The point is that although the carbon oxide (CO - carbon monoxide) gas sensors have been known for quite a long time, their operation is not at all irreproachable. Principle of their operation is conventionally as follows: a layer of metal oxide, for example of tin or zinc, is the sensor. The determinate gas is sorbed on the oxide layer. Along with that, electroconductivity of the layer changes – it increases. That is the analytical response – the higher the conductivity of the sensitive layer gets, the higher the concentration of the sought gas is.

To increase the CO sensors selectivity, a catalyst – usually palladium – is introduced in the sensitive layer composition. When heated, the catalyst turns carbon monoxide into carbonic acid gas. This process, in its turn, affects the layer conductivity – therefore, these sensors are more sensitive, than the ones based simply on adsorption process.

The problem is that such sensors are easy to “deceive” – their readings are influenced by other gases as well, first of all by steam. And atmospheric humidity is known to be highly inconstant. That is why the fire safety systems are equipped with simplier sensors which are less sensitive but they snap into action “for sure” – when the room is already full of smoke or it is on fire, and the temperature exceeds all conceivable norms.

As for the sensors developed by the Moscow researchers, they would not be deceived either by steam or by any other gases, which impact the traditional sensors’ readings. The sensitive layer based on tin oxide with addition of palladium and platinum (the latter accelerates the process of carbon monoxide oxidation through to carbonic acid gas) allows to perform this process most efficiently.

The temperature condition suggested by the developers provides for two more invaluable advantages. Firstly, the sensor response increases particularly at the CO concentration being close to the maximum permissible concentration.

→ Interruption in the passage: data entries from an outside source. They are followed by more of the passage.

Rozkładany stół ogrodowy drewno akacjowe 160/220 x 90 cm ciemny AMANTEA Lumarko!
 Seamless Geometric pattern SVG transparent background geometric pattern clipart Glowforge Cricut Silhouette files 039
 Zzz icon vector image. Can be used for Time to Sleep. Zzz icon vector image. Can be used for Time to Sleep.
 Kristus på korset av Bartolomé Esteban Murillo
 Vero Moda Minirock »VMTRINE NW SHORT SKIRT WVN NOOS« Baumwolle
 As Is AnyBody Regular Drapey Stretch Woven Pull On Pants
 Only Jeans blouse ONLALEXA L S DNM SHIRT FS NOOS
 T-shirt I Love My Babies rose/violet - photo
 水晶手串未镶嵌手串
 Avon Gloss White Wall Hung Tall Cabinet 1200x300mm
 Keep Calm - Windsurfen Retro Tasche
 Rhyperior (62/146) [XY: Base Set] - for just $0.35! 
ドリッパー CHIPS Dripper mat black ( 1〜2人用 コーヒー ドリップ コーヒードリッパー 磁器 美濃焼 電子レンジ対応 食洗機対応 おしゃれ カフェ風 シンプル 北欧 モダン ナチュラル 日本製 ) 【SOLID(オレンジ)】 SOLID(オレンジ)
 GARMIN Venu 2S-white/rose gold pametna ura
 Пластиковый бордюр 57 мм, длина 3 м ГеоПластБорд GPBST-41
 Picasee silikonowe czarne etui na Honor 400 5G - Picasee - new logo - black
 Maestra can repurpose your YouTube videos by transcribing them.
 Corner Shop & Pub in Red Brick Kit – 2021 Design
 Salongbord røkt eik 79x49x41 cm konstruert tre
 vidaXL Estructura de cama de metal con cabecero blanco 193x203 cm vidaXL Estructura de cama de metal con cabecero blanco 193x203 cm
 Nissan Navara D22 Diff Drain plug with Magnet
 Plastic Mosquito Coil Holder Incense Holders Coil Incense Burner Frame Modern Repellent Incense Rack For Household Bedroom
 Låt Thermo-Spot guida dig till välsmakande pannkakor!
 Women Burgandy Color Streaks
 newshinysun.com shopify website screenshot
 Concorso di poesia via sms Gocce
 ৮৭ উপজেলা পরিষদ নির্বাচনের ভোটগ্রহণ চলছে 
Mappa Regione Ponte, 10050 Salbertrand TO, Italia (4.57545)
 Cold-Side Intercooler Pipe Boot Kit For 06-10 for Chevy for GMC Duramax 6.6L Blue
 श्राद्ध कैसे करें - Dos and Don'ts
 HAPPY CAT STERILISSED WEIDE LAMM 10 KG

Secondly, the researchers managed to select the temperature of operation in such a way that other gases on the catalyst simply do not have time to oxidize. Therefore, neither steam, nor hydrogen, nor methane or other carbohydrates “misleading” traditional sensors do affect the new sensors’ readings.

“Such sensors allow to detect occurrence of track concentrations of carbon monoxide at the initial stage of ignition, long before the fire appears as such, says Alexey Vasiliev. However, this is not their sole application. Sensors based on them may be used to identify the carbon monoxide concentration in motor exhausts.”

Sergey Komarov | alfa
Further information:
http://www.informnauka.ru

More articles from Physics and Astronomy:

nachricht Airborne thermometer to measure Arctic temperatures
11.01.2017 | Moscow Institute of Physics and Technology

nachricht Next-generation optics offer the widest real-time views of vast regions of the sun
11.01.2017 | New Jersey Institute of Technology

All articles from Physics and Astronomy >>>

The most recent press releases about innovation >>>

Die letzten 5 Focus-News des innovations-reports im Überblick:

Im Focus: Designing Architecture with Solar Building Envelopes

Among the general public, solar thermal energy is currently associated with dark blue, rectangular collectors on building roofs. Technologies are needed for aesthetically high quality architecture which offer the architect more room for manoeuvre when it comes to low- and plus-energy buildings. With the “ArKol” project, researchers at Fraunhofer ISE together with partners are currently developing two façade collectors for solar thermal energy generation, which permit a high degree of design flexibility: a strip collector for opaque façade sections and a solar thermal blind for transparent sections. The current state of the two developments will be presented at the BAU 2017 trade fair.

As part of the “ArKol – development of architecturally highly integrated façade collectors with heat pipes” project, Fraunhofer ISE together with its partners...

Im Focus: How to inflate a hardened concrete shell with a weight of 80 t

At TU Wien, an alternative for resource intensive formwork for the construction of concrete domes was developed. It is now used in a test dome for the Austrian Federal Railways Infrastructure (ÖBB Infrastruktur).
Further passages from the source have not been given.